Repeat the records below exactly, line for line.
* * * * *
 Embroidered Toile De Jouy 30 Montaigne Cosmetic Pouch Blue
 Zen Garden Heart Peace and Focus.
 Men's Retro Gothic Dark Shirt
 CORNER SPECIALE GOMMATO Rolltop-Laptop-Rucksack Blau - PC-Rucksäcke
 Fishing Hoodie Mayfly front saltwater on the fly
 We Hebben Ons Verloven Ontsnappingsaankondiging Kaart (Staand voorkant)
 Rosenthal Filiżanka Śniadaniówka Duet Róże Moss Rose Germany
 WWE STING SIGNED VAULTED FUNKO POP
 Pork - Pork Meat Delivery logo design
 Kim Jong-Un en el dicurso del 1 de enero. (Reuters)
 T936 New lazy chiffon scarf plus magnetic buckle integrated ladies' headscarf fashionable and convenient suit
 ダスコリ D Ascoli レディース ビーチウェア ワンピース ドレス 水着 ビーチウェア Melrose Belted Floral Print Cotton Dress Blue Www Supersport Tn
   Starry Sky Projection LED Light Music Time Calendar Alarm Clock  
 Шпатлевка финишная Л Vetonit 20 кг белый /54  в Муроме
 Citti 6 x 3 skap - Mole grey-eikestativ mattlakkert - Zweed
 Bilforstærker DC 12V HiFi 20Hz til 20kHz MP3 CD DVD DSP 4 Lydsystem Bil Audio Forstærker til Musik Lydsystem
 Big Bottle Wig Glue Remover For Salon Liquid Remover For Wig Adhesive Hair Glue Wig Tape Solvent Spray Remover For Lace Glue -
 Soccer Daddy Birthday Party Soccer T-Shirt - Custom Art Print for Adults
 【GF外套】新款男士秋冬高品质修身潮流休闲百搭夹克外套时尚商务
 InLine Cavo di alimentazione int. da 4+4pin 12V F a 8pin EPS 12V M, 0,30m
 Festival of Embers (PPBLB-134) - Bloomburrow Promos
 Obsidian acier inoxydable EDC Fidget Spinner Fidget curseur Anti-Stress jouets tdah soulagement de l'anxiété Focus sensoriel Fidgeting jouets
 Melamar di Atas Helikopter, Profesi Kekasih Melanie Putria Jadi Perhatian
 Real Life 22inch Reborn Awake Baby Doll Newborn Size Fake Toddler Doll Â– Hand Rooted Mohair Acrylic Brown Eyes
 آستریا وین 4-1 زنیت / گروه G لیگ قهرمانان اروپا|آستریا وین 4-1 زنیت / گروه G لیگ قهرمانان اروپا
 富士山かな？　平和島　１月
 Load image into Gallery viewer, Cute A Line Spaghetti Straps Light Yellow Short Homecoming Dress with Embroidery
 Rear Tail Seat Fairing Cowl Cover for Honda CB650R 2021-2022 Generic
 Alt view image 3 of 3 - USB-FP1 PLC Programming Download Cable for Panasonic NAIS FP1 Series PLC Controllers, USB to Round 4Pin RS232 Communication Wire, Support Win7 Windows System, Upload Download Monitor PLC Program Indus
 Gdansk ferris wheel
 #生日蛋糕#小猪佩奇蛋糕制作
* * * * *
COMPLETED TASK
 Embroidered Toile De Jouy 30 Montaigne Cosmetic Pouch Blue
 Zen Garden Heart Peace and Focus.
 Men's Retro Gothic Dark Shirt
 CORNER SPECIALE GOMMATO Rolltop-Laptop-Rucksack Blau - PC-Rucksäcke
 Fishing Hoodie Mayfly front saltwater on the fly
 We Hebben Ons Verloven Ontsnappingsaankondiging Kaart (Staand voorkant)
 Rosenthal Filiżanka Śniadaniówka Duet Róże Moss Rose Germany
 WWE STING SIGNED VAULTED FUNKO POP
 Pork - Pork Meat Delivery logo design
 Kim Jong-Un en el dicurso del 1 de enero. (Reuters)
 T936 New lazy chiffon scarf plus magnetic buckle integrated ladies' headscarf fashionable and convenient suit
 ダスコリ D Ascoli レディース ビーチウェア ワンピース ドレス 水着 ビーチウェア Melrose Belted Floral Print Cotton Dress Blue Www Supersport Tn
   Starry Sky Projection LED Light Music Time Calendar Alarm Clock  
 Шпатлевка финишная Л Vetonit 20 кг белый /54  в Муроме
 Citti 6 x 3 skap - Mole grey-eikestativ mattlakkert - Zweed
 Bilforstærker DC 12V HiFi 20Hz til 20kHz MP3 CD DVD DSP 4 Lydsystem Bil Audio Forstærker til Musik Lydsystem
 Big Bottle Wig Glue Remover For Salon Liquid Remover For Wig Adhesive Hair Glue Wig Tape Solvent Spray Remover For Lace Glue -
 Soccer Daddy Birthday Party Soccer T-Shirt - Custom Art Print for Adults
 【GF外套】新款男士秋冬高品质修身潮流休闲百搭夹克外套时尚商务
 InLine Cavo di alimentazione int. da 4+4pin 12V F a 8pin EPS 12V M, 0,30m
 Festival of Embers (PPBLB-134) - Bloomburrow Promos
 Obsidian acier inoxydable EDC Fidget Spinner Fidget curseur Anti-Stress jouets tdah soulagement de l'anxiété Focus sensoriel Fidgeting jouets
 Melamar di Atas Helikopter, Profesi Kekasih Melanie Putria Jadi Perhatian
 Real Life 22inch Reborn Awake Baby Doll Newborn Size Fake Toddler Doll Â– Hand Rooted Mohair Acrylic Brown Eyes
 آستریا وین 4-1 زنیت / گروه G لیگ قهرمانان اروپا|آستریا وین 4-1 زنیت / گروه G لیگ قهرمانان اروپا
 富士山かな？　平和島　１月
 Load image into Gallery viewer, Cute A Line Spaghetti Straps Light Yellow Short Homecoming Dress with Embroidery
 Rear Tail Seat Fairing Cowl Cover for Honda CB650R 2021-2022 Generic
 Alt view image 3 of 3 - USB-FP1 PLC Programming Download Cable for Panasonic NAIS FP1 Series PLC Controllers, USB to Round 4Pin RS232 Communication Wire, Support Win7 Windows System, Upload Download Monitor PLC Program Indus
 Gdansk ferris wheel
 #生日蛋糕#小猪佩奇蛋糕制作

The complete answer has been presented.